**Problem to work on:** Word for word, return the lines from the start of the entries below through the line that has "Meet Perfect Orange".

=== Section Start ===

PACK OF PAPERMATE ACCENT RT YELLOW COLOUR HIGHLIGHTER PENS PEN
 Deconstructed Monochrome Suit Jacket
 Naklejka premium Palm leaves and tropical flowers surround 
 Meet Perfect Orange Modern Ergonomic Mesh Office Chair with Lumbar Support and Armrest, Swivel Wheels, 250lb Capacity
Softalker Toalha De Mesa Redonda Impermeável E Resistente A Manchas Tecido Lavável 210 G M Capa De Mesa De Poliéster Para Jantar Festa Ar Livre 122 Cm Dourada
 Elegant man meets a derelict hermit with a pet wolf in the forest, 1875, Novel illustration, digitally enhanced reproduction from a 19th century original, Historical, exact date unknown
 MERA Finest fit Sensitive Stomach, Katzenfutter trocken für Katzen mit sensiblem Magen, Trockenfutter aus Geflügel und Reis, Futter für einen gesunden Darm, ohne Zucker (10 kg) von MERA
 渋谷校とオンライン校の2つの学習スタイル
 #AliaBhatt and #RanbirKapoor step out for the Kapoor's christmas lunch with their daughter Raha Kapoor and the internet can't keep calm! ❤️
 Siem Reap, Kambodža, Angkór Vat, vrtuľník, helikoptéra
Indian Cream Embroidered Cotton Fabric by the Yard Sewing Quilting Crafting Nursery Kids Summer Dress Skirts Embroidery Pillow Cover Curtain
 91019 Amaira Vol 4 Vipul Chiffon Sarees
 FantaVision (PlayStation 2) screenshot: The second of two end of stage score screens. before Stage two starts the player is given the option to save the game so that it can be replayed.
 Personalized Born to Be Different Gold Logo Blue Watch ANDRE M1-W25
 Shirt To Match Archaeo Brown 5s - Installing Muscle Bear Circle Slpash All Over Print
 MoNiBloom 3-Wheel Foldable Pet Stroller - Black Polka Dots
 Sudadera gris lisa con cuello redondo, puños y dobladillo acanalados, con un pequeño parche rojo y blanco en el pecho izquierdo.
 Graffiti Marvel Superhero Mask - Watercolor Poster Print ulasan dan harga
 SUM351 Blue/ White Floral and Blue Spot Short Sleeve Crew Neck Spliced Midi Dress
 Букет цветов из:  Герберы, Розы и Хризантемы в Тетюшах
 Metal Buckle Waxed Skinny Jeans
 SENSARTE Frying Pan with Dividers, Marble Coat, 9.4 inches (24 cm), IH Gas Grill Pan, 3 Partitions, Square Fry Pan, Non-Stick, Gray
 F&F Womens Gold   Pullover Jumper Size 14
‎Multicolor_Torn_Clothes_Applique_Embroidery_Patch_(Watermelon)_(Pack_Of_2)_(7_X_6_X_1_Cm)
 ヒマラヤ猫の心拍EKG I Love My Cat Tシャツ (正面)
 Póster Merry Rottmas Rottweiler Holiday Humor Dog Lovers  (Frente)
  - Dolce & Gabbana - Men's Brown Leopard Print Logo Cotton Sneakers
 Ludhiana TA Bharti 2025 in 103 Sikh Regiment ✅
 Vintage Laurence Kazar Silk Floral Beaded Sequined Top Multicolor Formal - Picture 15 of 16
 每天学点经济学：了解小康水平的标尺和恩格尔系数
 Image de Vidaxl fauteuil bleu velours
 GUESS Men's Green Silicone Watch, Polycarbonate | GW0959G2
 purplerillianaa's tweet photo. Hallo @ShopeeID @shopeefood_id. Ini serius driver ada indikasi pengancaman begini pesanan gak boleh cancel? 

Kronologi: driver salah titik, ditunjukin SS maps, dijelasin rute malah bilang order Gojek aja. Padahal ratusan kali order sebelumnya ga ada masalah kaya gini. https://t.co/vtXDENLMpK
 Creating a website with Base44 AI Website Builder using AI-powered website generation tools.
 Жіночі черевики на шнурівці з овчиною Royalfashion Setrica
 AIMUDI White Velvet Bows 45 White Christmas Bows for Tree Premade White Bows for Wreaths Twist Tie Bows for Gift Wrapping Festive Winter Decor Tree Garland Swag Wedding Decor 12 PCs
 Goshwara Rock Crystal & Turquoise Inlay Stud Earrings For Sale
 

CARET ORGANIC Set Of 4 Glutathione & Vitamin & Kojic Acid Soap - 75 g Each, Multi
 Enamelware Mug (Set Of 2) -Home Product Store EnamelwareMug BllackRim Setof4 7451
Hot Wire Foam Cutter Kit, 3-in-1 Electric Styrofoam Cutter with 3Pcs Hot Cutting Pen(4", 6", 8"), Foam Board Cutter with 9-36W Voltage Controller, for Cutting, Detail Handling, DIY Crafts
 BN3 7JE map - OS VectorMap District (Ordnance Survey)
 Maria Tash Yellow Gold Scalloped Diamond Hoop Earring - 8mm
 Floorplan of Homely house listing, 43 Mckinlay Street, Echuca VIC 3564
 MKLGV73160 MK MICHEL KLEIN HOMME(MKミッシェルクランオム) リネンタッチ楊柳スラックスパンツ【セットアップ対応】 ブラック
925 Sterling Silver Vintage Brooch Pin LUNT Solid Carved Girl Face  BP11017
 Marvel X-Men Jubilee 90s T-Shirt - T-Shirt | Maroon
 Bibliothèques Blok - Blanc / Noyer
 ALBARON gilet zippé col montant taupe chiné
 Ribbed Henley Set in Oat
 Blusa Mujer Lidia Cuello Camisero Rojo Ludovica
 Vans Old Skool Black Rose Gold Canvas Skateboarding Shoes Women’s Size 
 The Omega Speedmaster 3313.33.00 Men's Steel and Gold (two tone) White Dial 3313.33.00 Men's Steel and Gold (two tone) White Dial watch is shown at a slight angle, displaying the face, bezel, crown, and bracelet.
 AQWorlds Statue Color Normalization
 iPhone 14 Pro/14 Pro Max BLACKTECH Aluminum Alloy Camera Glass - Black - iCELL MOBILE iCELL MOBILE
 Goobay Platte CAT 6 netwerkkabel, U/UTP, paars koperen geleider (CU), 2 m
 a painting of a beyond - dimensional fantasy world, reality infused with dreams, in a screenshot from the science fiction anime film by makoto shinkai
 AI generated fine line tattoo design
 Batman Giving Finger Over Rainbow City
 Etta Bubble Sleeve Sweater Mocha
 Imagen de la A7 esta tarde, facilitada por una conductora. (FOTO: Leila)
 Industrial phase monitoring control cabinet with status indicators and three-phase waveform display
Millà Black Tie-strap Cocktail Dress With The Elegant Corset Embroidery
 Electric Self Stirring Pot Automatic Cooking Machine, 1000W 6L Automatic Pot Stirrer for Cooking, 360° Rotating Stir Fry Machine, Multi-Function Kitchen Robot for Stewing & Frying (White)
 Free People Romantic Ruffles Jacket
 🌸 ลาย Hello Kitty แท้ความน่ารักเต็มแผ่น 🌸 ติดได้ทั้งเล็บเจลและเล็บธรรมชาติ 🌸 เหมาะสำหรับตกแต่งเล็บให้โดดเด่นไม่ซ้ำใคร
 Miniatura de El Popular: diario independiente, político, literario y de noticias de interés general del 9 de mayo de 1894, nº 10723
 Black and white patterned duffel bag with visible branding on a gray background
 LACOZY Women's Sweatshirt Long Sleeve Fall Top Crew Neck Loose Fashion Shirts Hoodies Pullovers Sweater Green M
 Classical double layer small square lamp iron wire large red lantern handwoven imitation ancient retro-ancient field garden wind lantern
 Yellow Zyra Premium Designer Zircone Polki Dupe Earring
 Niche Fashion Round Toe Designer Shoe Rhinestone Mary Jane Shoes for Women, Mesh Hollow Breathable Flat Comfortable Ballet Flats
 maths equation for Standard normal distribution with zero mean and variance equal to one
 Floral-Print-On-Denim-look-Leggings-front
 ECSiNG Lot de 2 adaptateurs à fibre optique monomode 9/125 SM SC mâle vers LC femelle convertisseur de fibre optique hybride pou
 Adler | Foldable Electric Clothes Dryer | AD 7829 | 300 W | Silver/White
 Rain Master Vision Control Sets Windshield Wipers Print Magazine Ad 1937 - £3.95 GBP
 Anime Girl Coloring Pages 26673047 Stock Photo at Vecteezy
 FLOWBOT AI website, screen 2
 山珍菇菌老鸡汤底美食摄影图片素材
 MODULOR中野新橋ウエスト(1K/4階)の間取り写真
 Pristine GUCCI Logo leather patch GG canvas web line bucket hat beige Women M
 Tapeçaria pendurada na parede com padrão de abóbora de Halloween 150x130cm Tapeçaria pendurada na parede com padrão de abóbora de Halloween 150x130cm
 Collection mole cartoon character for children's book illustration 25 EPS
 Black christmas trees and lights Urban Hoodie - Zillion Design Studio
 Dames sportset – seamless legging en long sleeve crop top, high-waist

=== Section End ===

**Reply to the exercise:**
PACK OF PAPERMATE ACCENT RT YELLOW COLOUR HIGHLIGHTER PENS PEN
 Deconstructed Monochrome Suit Jacket
 Naklejka premium Palm leaves and tropical flowers surround 
 Meet Perfect Orange Modern Ergonomic Mesh Office Chair with Lumbar Support and Armrest, Swivel Wheels, 250lb Capacity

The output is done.